Gli indagati sono 12 (dieci italiani e due romeni), ma uno di loro è morto tre mesi fa

Furti di bancomat e truffe, decine di colpi: tra le vittime anche un membro de "Lo Stato Sociale"

Una banda ben nutrita e ancora meglio organizzata, capace di mettere su un sistema quasi infallibile di furti di bancomat e truffe. Tra le loro vittime, anche un parroco e un musicista, membro della nota band indie Lo Stato Sociale. Si sono chiuse le indagini per 12 persone (dieci italiani e due romeni), accusate di associazione a delinquere, furto aggravato, corruzione per un atto contrario ai doveri d'ufficio, corruzione di persona incaricata di un pubblico servizio e frode informatica.

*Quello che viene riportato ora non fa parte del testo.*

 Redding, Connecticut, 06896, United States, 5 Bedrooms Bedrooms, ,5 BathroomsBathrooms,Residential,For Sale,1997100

Scandalo garage a pagamento, intimidazione al giornalista Rai: «Mi hanno tagliato le gomme della macchina»

Le indagini

Tutto era partito da un'operazione del 2020, che aveva consentito ai carabinieri di sgominare un'organizzazione criminale che aveva messo a segno 90 colpi, per un totale di circa 400mila, ai danni di numerosi cittadini, tra cui un parroco bolognese e un componente della band Lo Stato Sociale. All'epoca vennero arrestate cinque persone. Dopo due anni di indagini i carabinieri sono riusciti a capire come faceva l'organizzazione criminale ad entrare in possesso dei bancomat che un istituto di credito spediva ai clienti, e che poi venivano usati per prelevare soldi dai conti correnti delle vittime. Per fare questo, la banda aveva inserito nell'organizzazione tre impiegati corrotti, spiegano gli investigatori.

Il modus operandi

In particolare, qualche anno prima dei colpi il capo banda aveva creato un profilo Facebook falso, utilizzando le generalità di una donna inesistente, ma facendo l'upload del volto e di altre foto di una persona reale, una 42enne napoletana che è una dei 12 indagati. Servendosi del falso profilo social la banda aveva carpito la fiducia dei tre impiegati, due a Bologna e uno a Pescheria Borromeo, nel milanese, e poi il capo del gruppo aveva aveva inviato sul posto la 42enne per 'testarè il carattere dei tre.

La 'posta' in gioco, spiegano i carabinieri, corrispondeva a 10 euro a bancomat, per un totale di circa 1.000 bancomat quasi tutti i fine settimana: queste erano le disposizioni che il clan aveva impartito a ognuno dei tre impiegati che, così facendo, si erano assicurati introiti mensili di 40mila a testa. Ogni venerdì, prima della chiusura dello stabilimento, gli impiegati corrotti rubavano i bancomat e li nascondevano in una scatola che poi una batteria di ladri recuperavano dallo stabilimento senza lasciare segni di scasso, visto che le telecamere venivano manomesse. Uno dei 12 indagati non potrà rispondere alle accuse perché deceduto tre mesi fa.